HOUSING AGING PRISONERS COSTS TWICE AS MUCH, SAYS REPORT
A newly released ACLU report says that the average cost to states of housing elderly inmates amounts to twice as much as housing inmates under the age of 50. The report suggests that the growing number of feeble, elderly prisoners, most of whom, who no longer pose a threat to society should be released and turned over to their families for their remaining days.
Here is a clip from the report, which you can download and read here:
This increasing warehousing of aging prisoners for low-level crimes and longer sentences is a nefarious outgrowth of the “tough on crime” and “war on drugs” policies of the 1980s and 1990s. Given the nation’s current overincarceration epidemic and persistent economic crisis, lawmakers should consider implementing parole reforms to release those elderly prisoners who no longer pose sufficient safety threats to justify their continued incarceration.

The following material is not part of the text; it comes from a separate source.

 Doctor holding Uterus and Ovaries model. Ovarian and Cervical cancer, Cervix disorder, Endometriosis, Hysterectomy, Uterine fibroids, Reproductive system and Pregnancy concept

State and federal governments spend approximately $77 billion annually to run our penal system. Over the last 25 years, state corrections spending grew by 674%, substantially outpacing the growth of other government spending, and becoming the fourth-largest category of state spending. These corrections costs are mainly spent on incarceration, and incarcerating aging prisoners costs far more than younger ones. specifically, this report
finds that it costs $34,135 per year to house an average prisoner, but it costs $68,270 per
year to house a prisoner age 50 and older. To put that number into context, the average
American household makes about $40,000 a year in income.
States can implement mechanisms to determine which aging prisoners pose little safety
risk and can be released. Releasing many of these individuals will ease the burden on
taxpayers and reunite prisoners with their families to care for them. This report conducts
a fiscal impact analysis detailing the cost savings to states in releasing the average aging
prisoner. While some of these prisoners may turn to the government for their healthcare or
other needs, government expenditures on released aging prisoners will be far cheaper than
the costs of incarcerating them. Based on statistical analyses of available data, this report
estimates that releasing an aging prisoner will save states, on average, $66,294 per year per
prisoner, including healthcare, other public benefits, parole, and any housing costs or tax
CRUCIAL EVIDENCE MISSING IN TEXAS DEATH ROW CASE
The state of Texas finally granted death row inmate, Hank Skinner, a hard-won post-conviction DNA test to include over 40 previously untested items from his 1993 murder case. One of the most important pieces of evidence in the case, a jacket that was photographed exhibiting blood and sweat and that Skinner had always maintained would exonerate him, was lost with no explanation from the state or law enforcement officials.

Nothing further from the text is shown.